Google announced a plan on Tuesday to link user data across its e-mail, video, social-networking and other services that it says will create a “beautifully simple and intuitive” user experience. However, critics raised privacy concerns like those that helped kill the search giant’s Buzz social networking service.
The changes, which take effect on March 1, will remove some of the legal hurdles Google Inc faces in trying to link information across services from Gmail to YouTube to the Google Plus social network that replaced Buzz.
The company said the new system will give users more relevant search results and information, while helping advertisers find customers — especially on mobile devices.
For example, if you spend an hour on Google searching the Web for skateboards, the next time you log into YouTube, you might get recommendations for videos featuring Tony Hawk, along with ads for his merchandise and the nearest place to buy them.
“If you’re signed into Google, we can do things like suggest search queries — or tailor your search results — based on the interests you’ve expressed in Google (Plus), Gmail and YouTube,” the company said on a new overview page for its privacy policies. “We’ll better understand [what] you’re searching for and get you those results faster.”
The changes follow the shutdown of Buzz last month. After its introduction less than two years ago, the social networking tool was ridiculed for exposing users’ most-emailed contacts to other participants by default, inadvertently revealing some users’ ongoing contact with ex-spouses and competitors.
Google has since made Plus the focal point of its challenge to Facebook’s social network.
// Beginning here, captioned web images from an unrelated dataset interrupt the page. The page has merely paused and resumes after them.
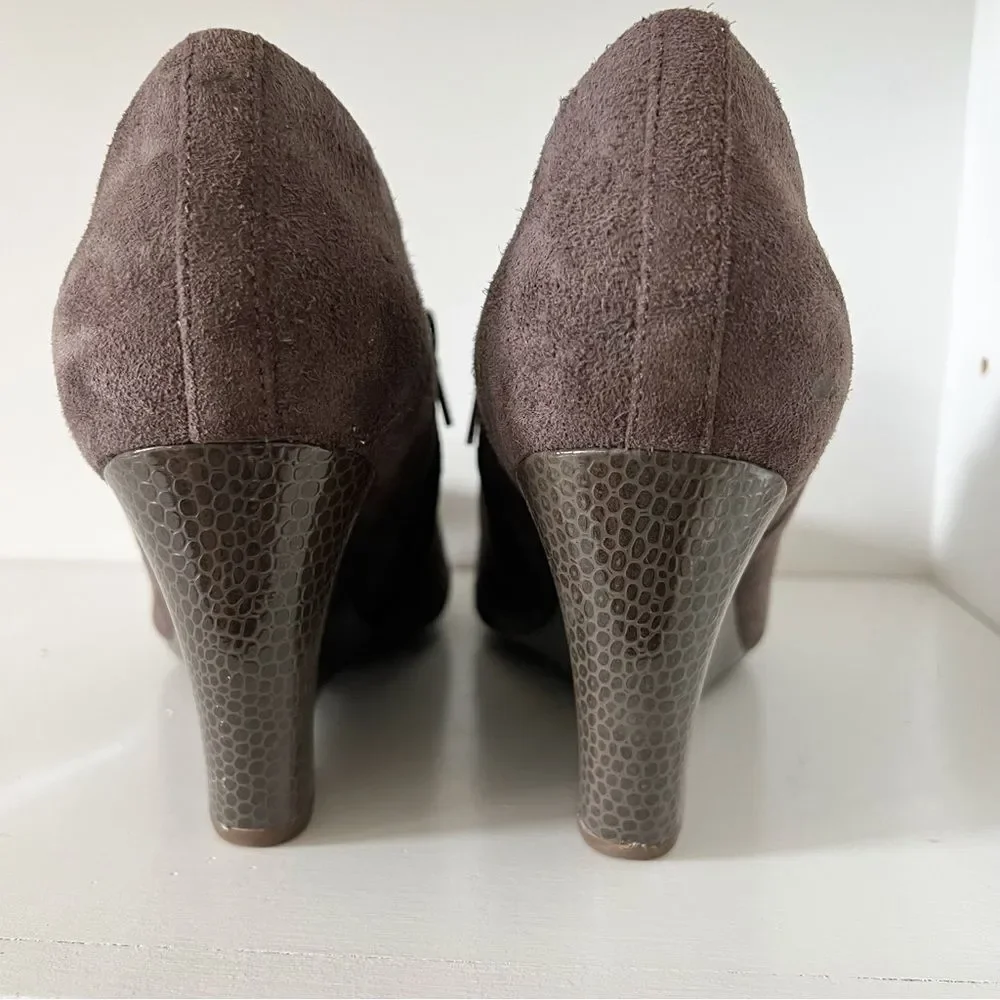 Clarks Artisan Brown Leather Suede Booties Wedge Size 9.5 Zippered Ankle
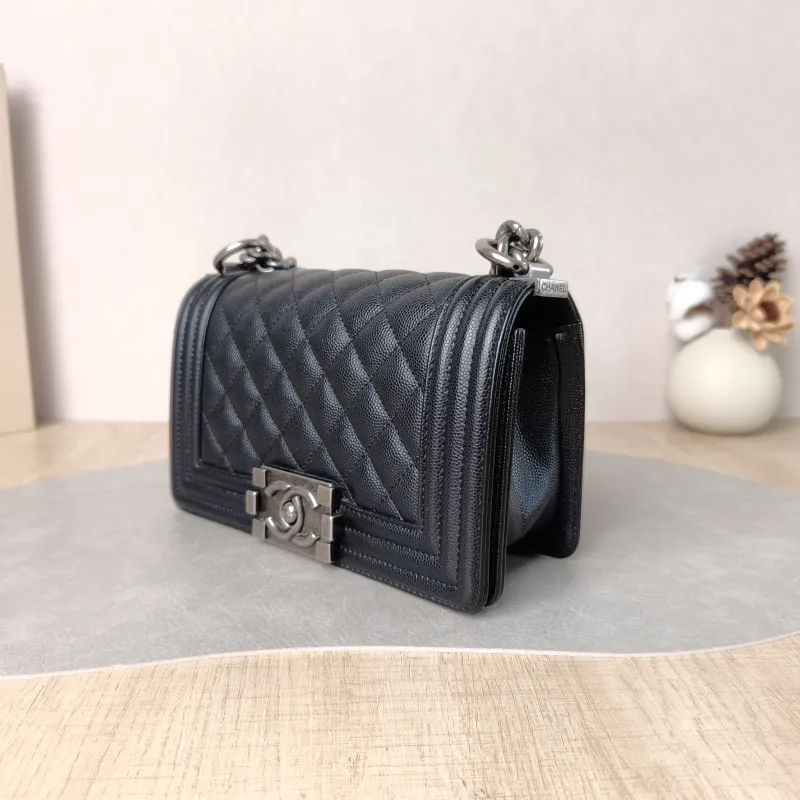 Chanel Crossbody Bag Le Boy​ Black Grained Calfskin Small 20.5 × 8.5 × 12 cm — cover view 3 of 5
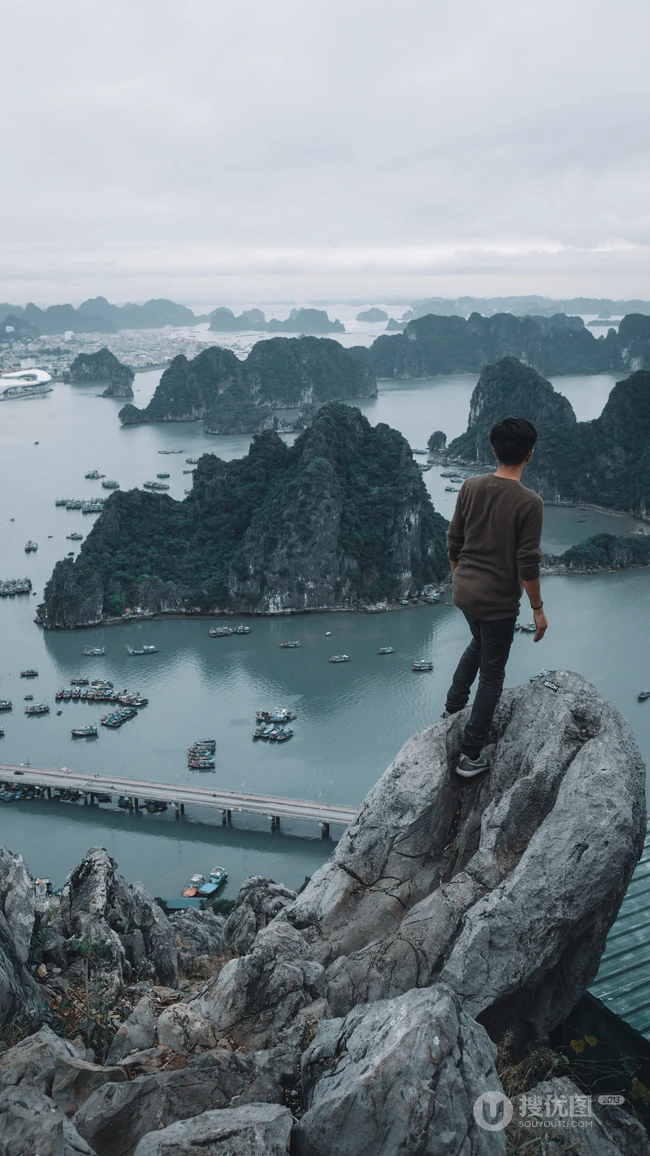 海上的礁石，溶洞风景手机背景图片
In the first seven months since its debut, Plus has attracted more than 90 million users, according to Google.
Google and the US’ Federal Trade Commission (FTC) reached a settlement last year that forbids Google from misrepresenting how it uses personal information and from sharing an individual’s data without prior approval. Google also agreed to biennial privacy audits for the next two decades.
Some critics saw Google as trying to beat regulators to the punch by setting a precedent before the FTC unveils its own framework for protecting online privacy.
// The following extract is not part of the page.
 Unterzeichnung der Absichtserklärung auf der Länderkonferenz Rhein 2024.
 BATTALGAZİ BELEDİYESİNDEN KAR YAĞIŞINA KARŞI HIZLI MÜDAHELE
Ryan Calo, director for privacy at the Stanford Center for Internet and Society, said Google is trying to make its policy privacy transparent instead of bogging users down with pages of legalese; the new privacy policies run about 10,000 words, down from 68,000.
However, he said the company must ensure that the ways it uses data help users without revealing sensitive information.
“If it creeps people out, then they need to be aware of that,” he said.